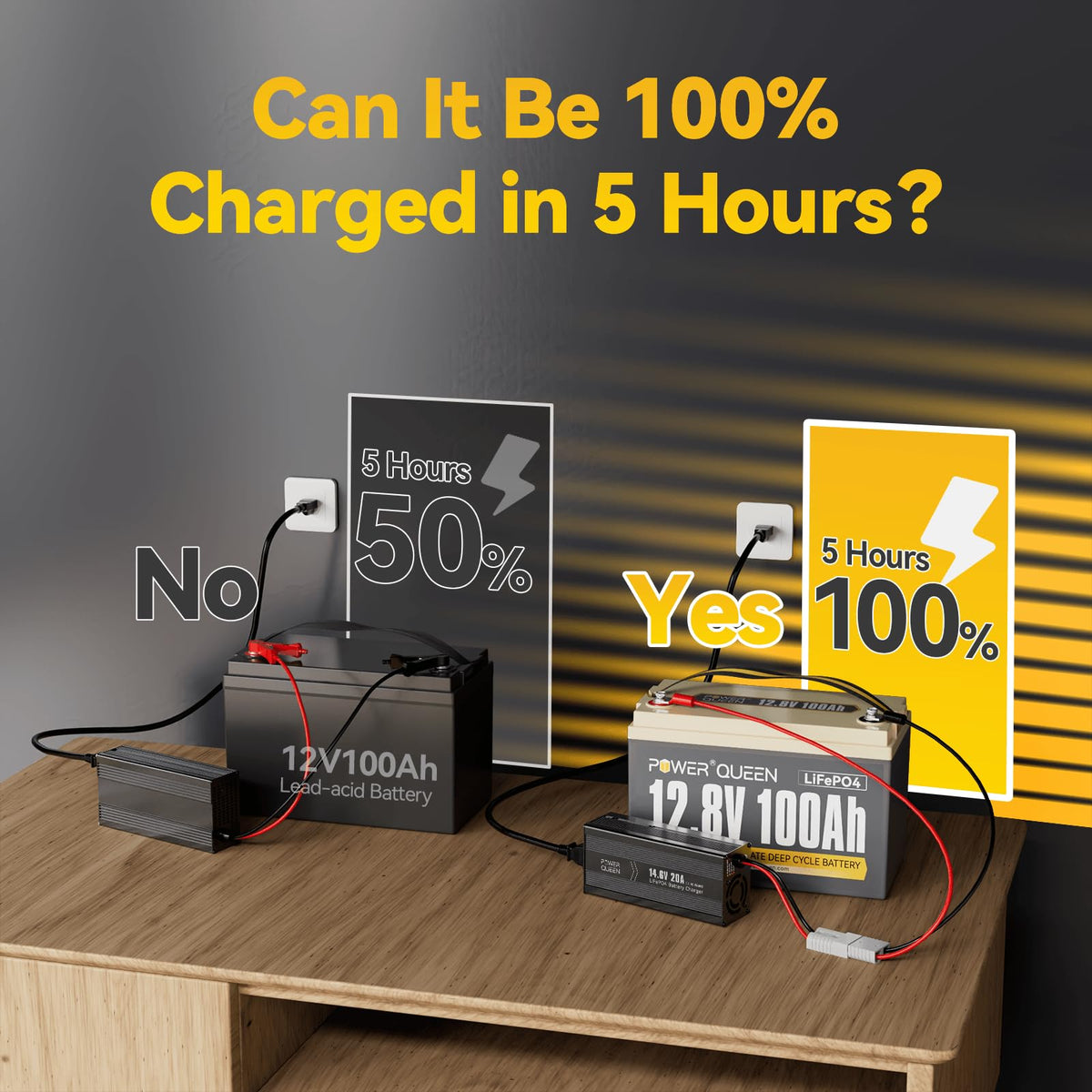 12V 100Ah Group 31 LiFePO4 Battery B427960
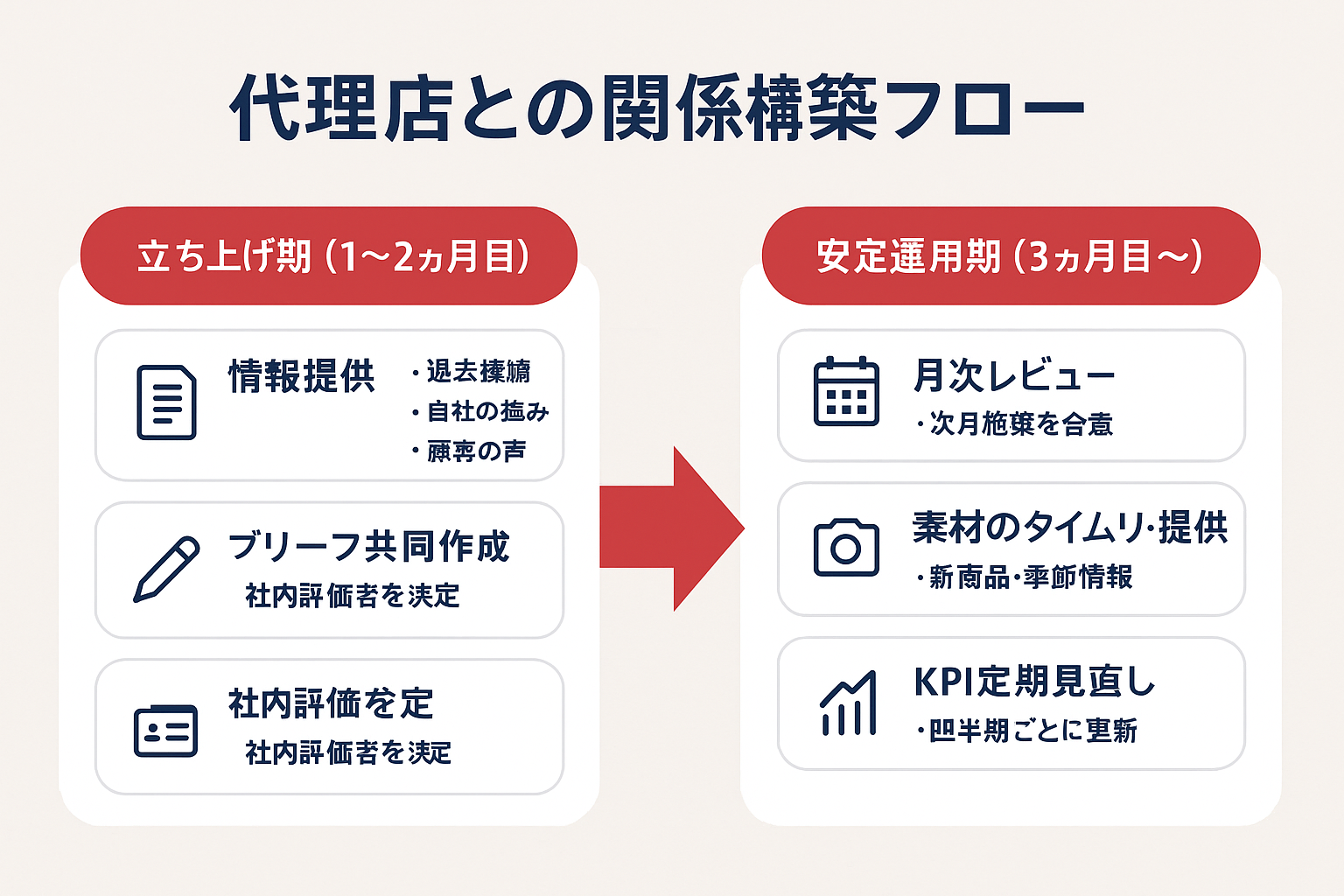 SNS広告運用代理店との関係構築フローチャート。立ち上げ期（1〜2ヶ月目）では情報提供とクリエイティブブリーフの共同作成、安定運用期（3ヶ月目以降）では月次レビューでの施策合意、素材のタイムリー提供、KPIの定期見直しを示すフロー図。
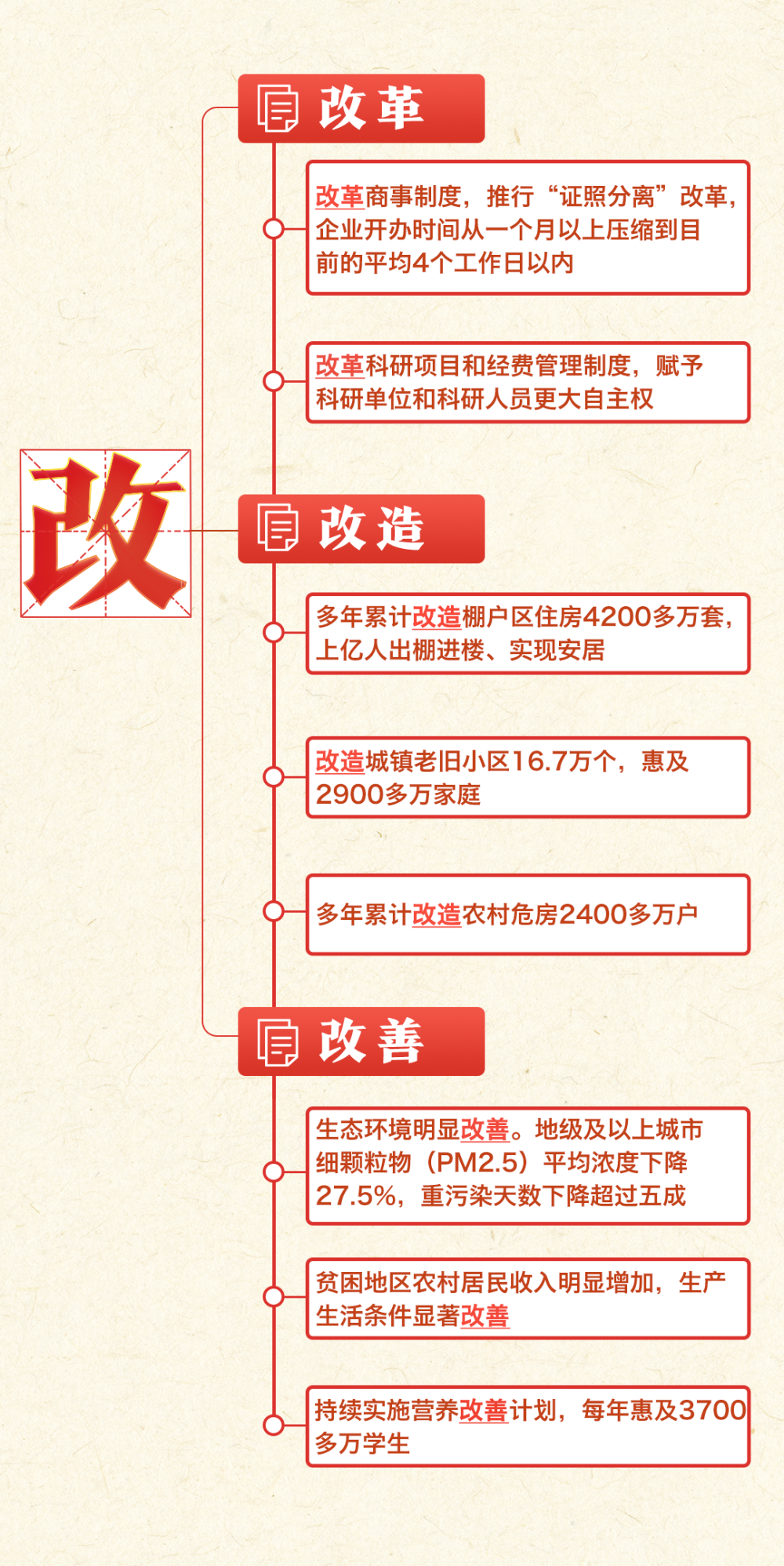 一张思维导图,带你看过去五年成就_腾讯新闻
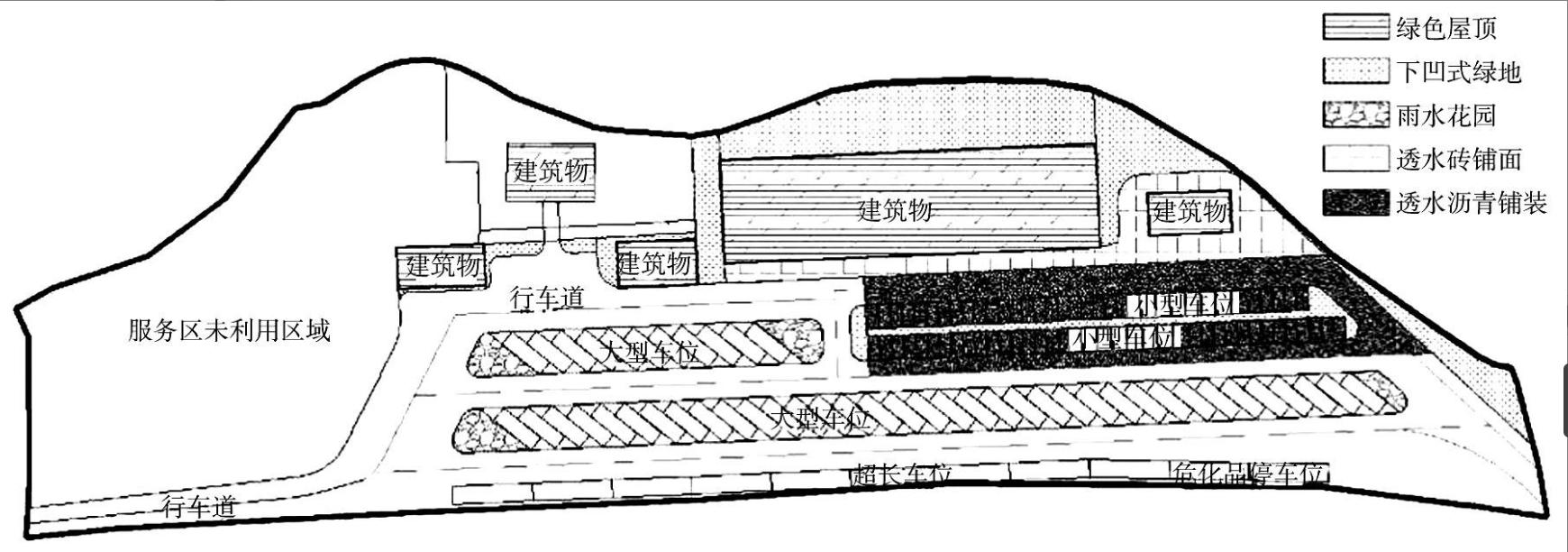 高速公路服务区建设质量要求,公路绿色服务区建设指南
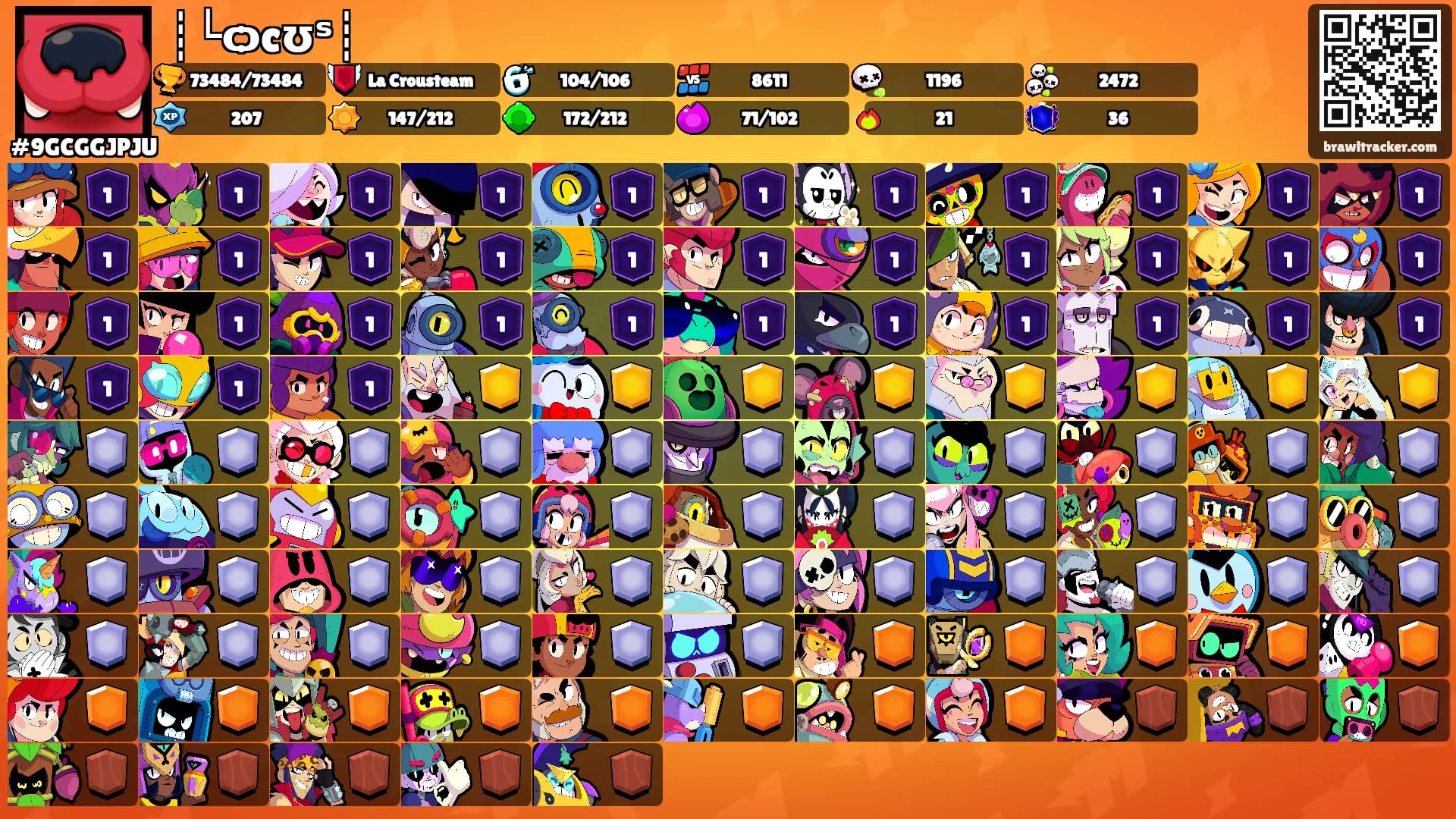 ┊└ѻcʊˢ┊'s Ranks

EXERCISE DIRECTIONS: Begin at the line with "一张思维导图,带你看过去五年成就_腾讯新闻" and end at the last line of the data above. Reproduce those lines exactly, but not the pictures.

TASK OUTPUT:
 一张思维导图,带你看过去五年成就_腾讯新闻
 高速公路服务区建设质量要求,公路绿色服务区建设指南
 ┊└ѻcʊˢ┊'s Ranks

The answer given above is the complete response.